ASSIGNED TASK -> Your reply must contain the lines from the one with "Algarve Alvor Studio Екстер'єр фото" through the last line of the material, exact and complete, with no pictures and no other text.

RECORD EXTRACTS ->
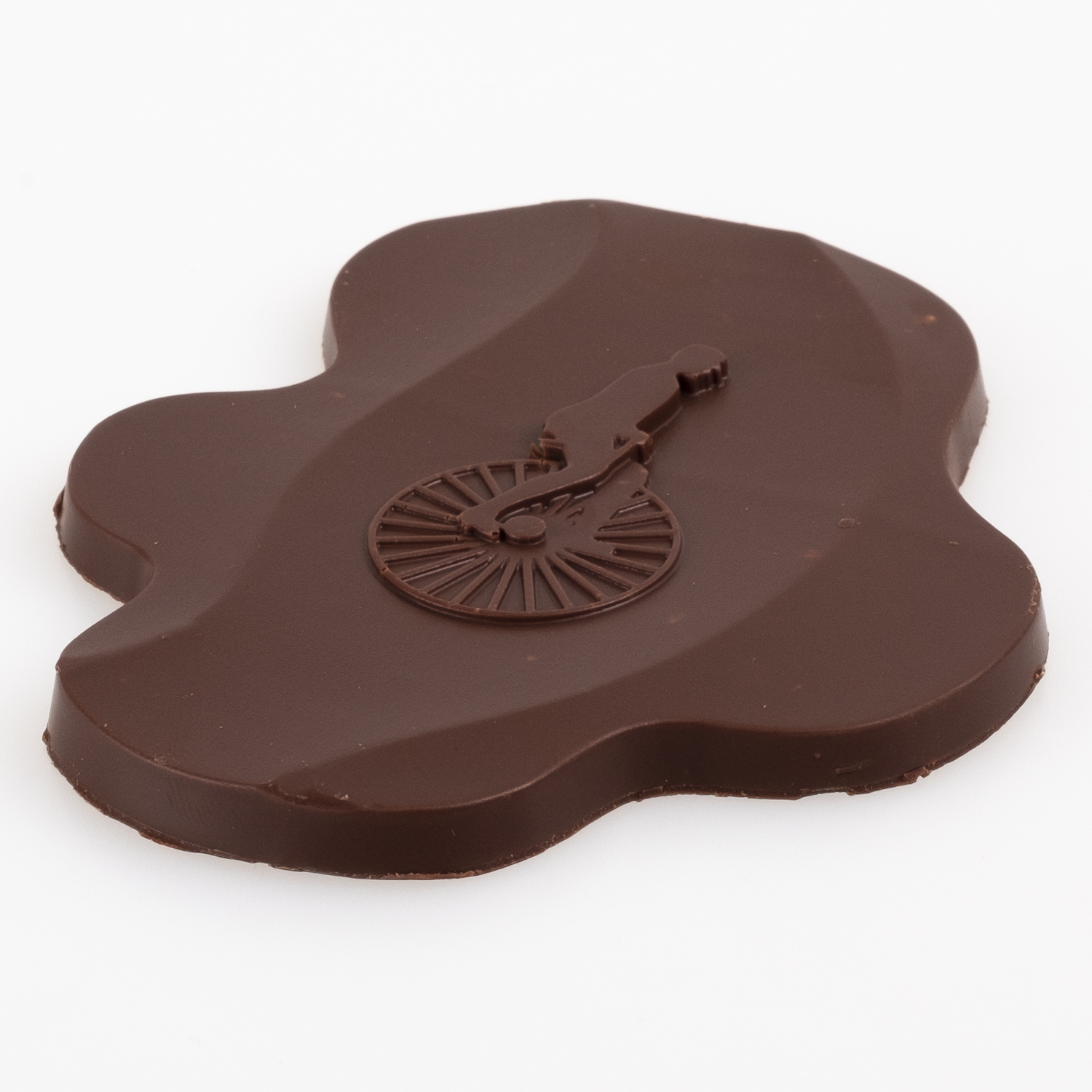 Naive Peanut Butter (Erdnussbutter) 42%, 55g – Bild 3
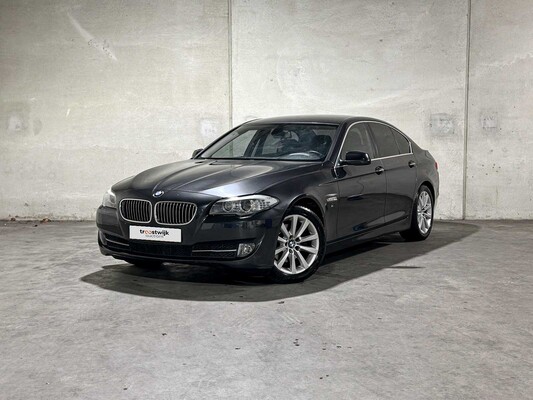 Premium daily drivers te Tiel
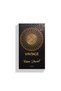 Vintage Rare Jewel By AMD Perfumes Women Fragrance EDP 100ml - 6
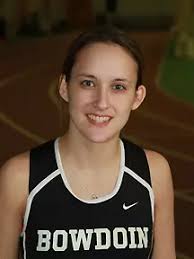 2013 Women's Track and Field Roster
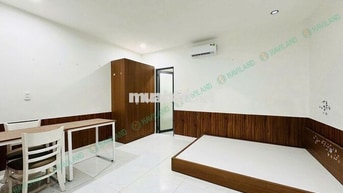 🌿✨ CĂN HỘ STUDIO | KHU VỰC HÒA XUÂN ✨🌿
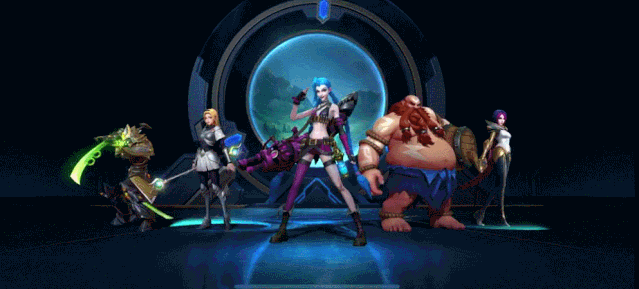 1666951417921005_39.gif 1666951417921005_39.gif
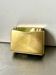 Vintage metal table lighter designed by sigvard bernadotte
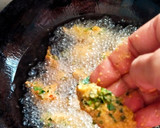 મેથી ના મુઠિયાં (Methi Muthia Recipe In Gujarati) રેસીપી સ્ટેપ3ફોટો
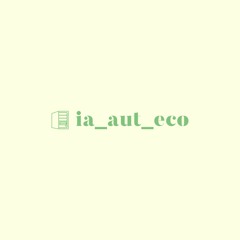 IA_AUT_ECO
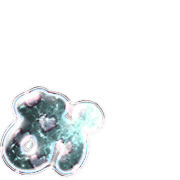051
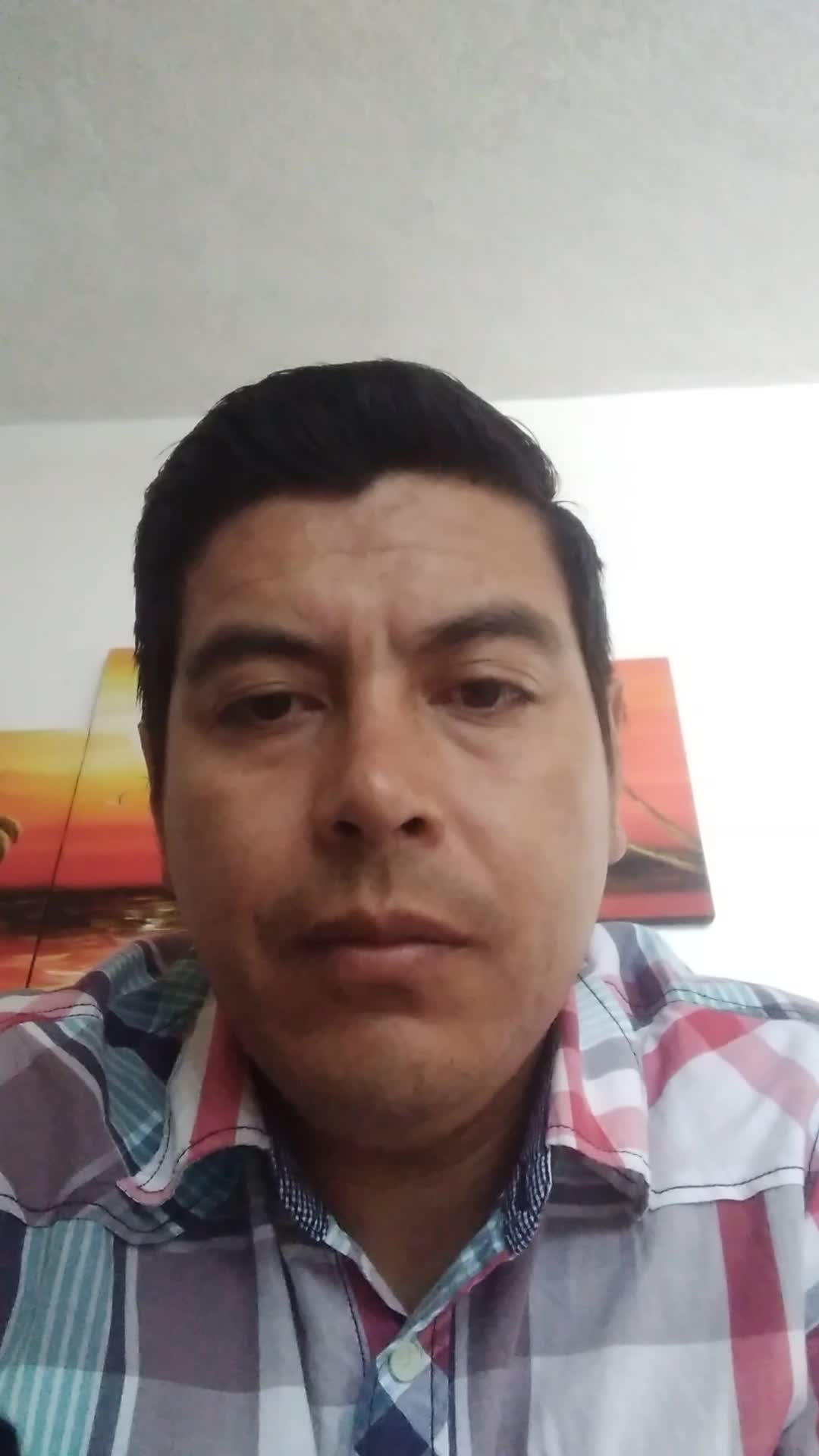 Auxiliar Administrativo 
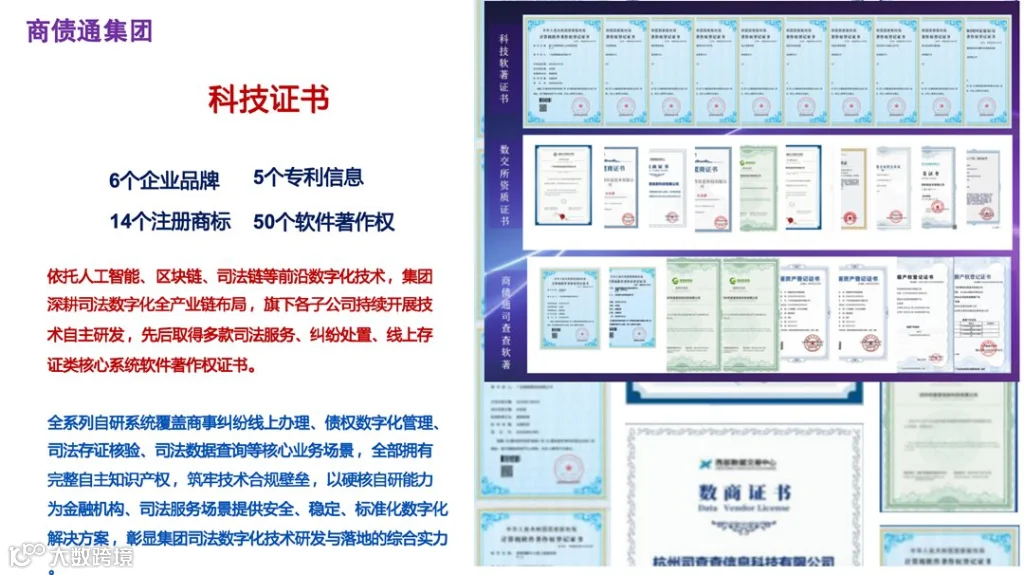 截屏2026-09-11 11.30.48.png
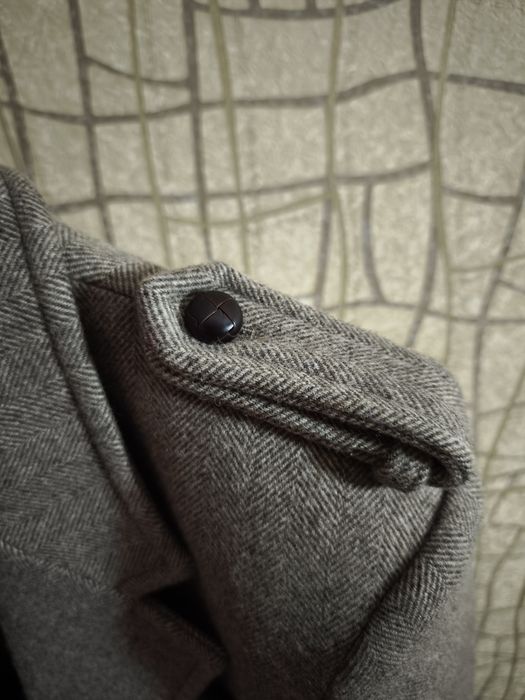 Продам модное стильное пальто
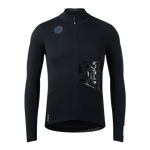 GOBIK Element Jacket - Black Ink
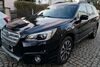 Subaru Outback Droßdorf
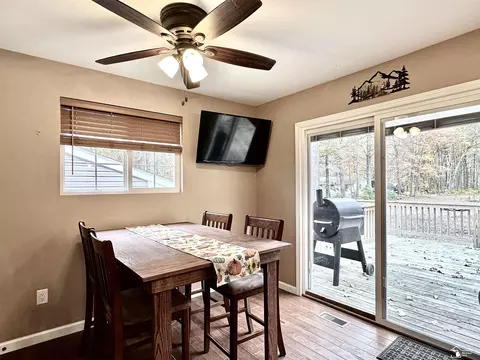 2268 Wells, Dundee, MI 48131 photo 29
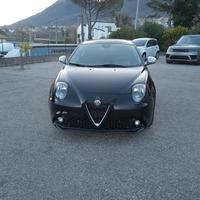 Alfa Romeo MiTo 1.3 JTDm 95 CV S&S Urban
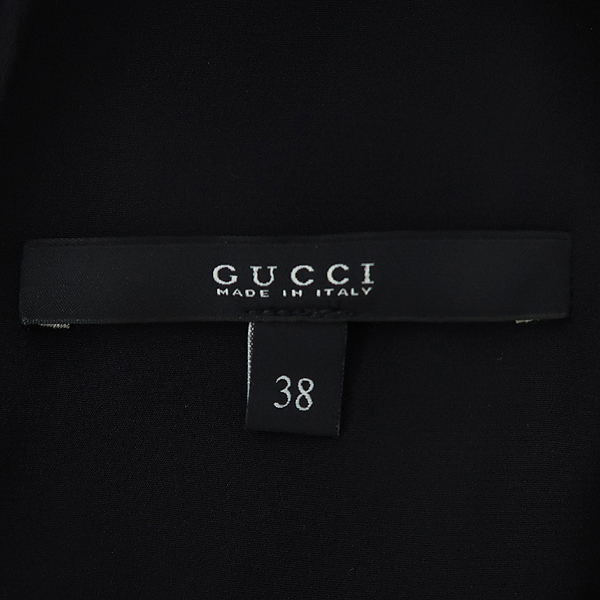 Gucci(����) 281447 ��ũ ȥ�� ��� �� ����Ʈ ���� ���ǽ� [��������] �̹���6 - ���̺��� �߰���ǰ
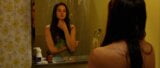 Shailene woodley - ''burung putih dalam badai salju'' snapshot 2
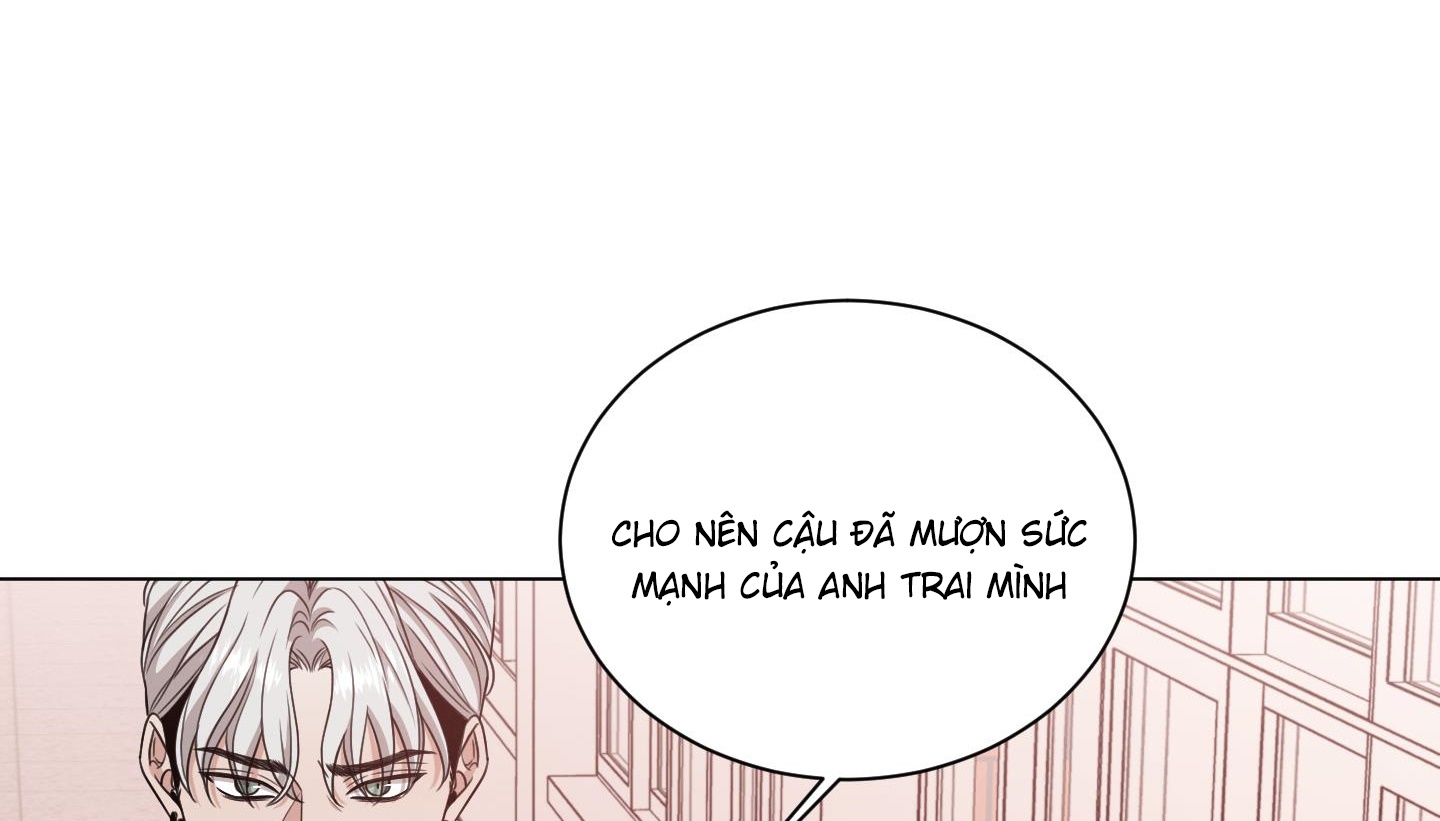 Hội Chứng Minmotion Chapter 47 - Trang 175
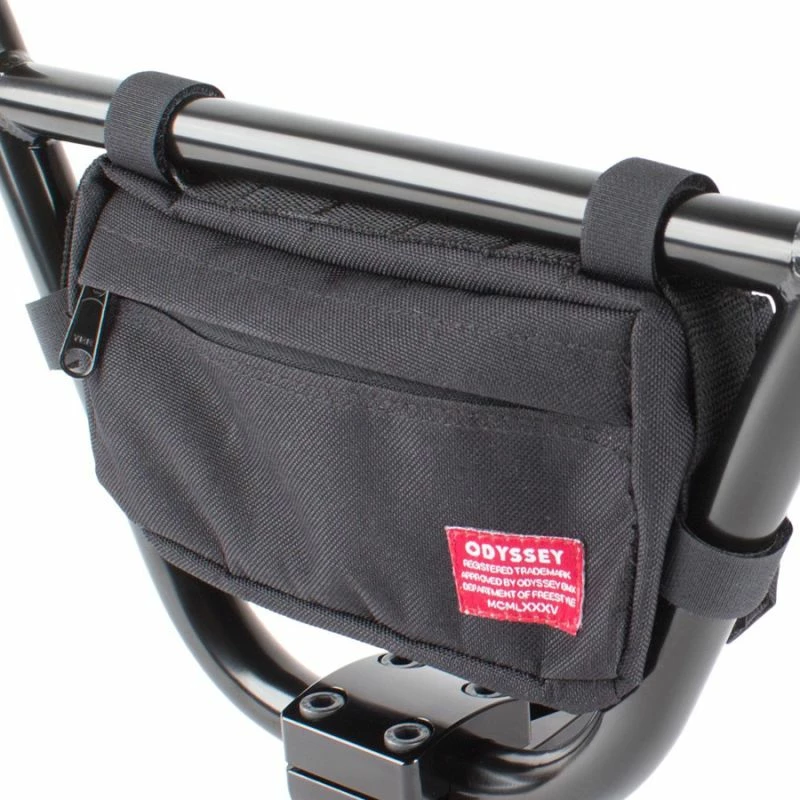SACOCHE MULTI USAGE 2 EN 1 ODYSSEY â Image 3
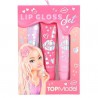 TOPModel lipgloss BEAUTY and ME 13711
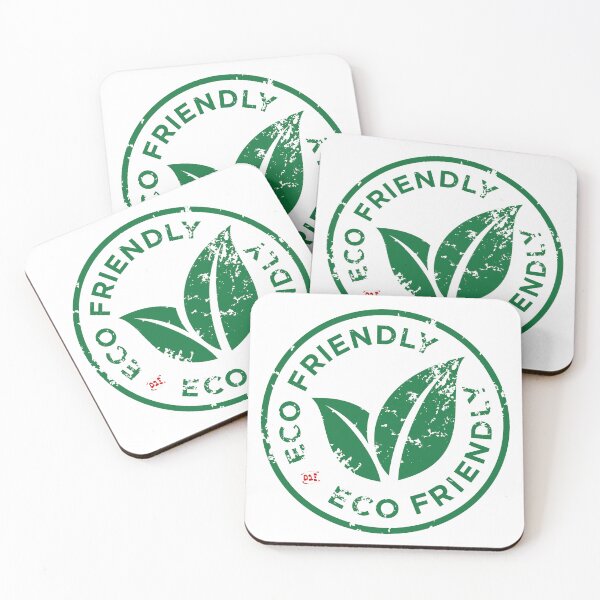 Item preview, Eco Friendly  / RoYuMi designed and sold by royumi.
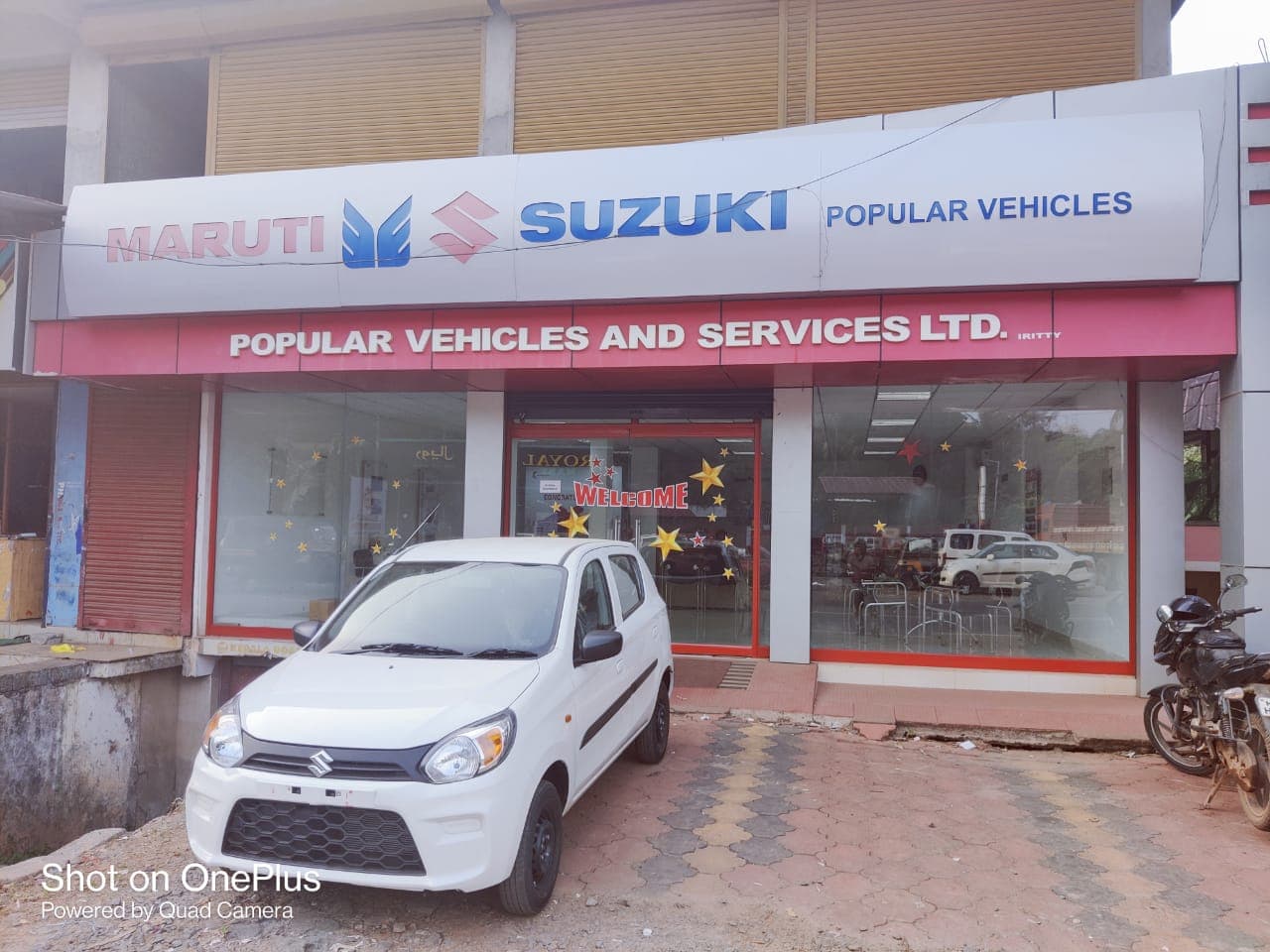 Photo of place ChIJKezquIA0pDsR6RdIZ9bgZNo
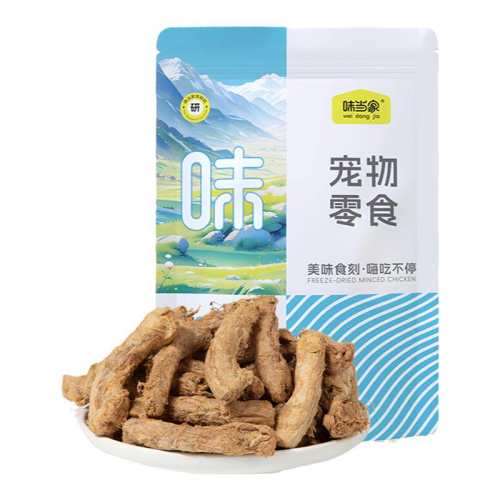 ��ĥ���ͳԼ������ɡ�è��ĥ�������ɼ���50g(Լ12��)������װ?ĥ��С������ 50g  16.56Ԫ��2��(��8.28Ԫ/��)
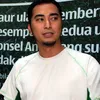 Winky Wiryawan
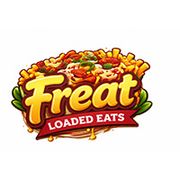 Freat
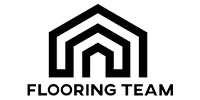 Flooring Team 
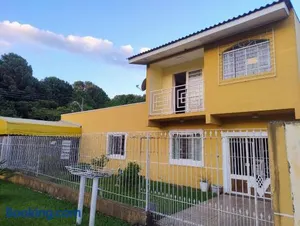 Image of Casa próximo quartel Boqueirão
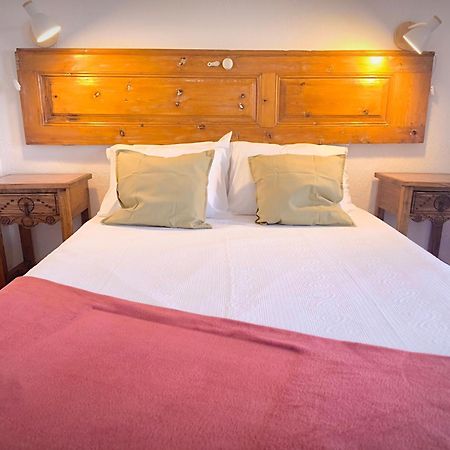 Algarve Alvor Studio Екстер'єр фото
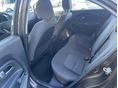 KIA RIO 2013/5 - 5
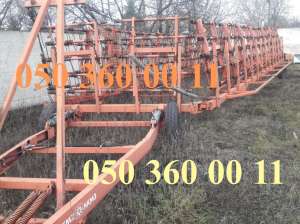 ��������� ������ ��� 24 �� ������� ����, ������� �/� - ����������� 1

SOLUTION TO THIS TASK ->
 Algarve Alvor Studio Екстер'єр фото
 KIA RIO 2013/5 - 5
 ��������� ������ ��� 24 �� ������� ����, ������� �/� - ����������� 1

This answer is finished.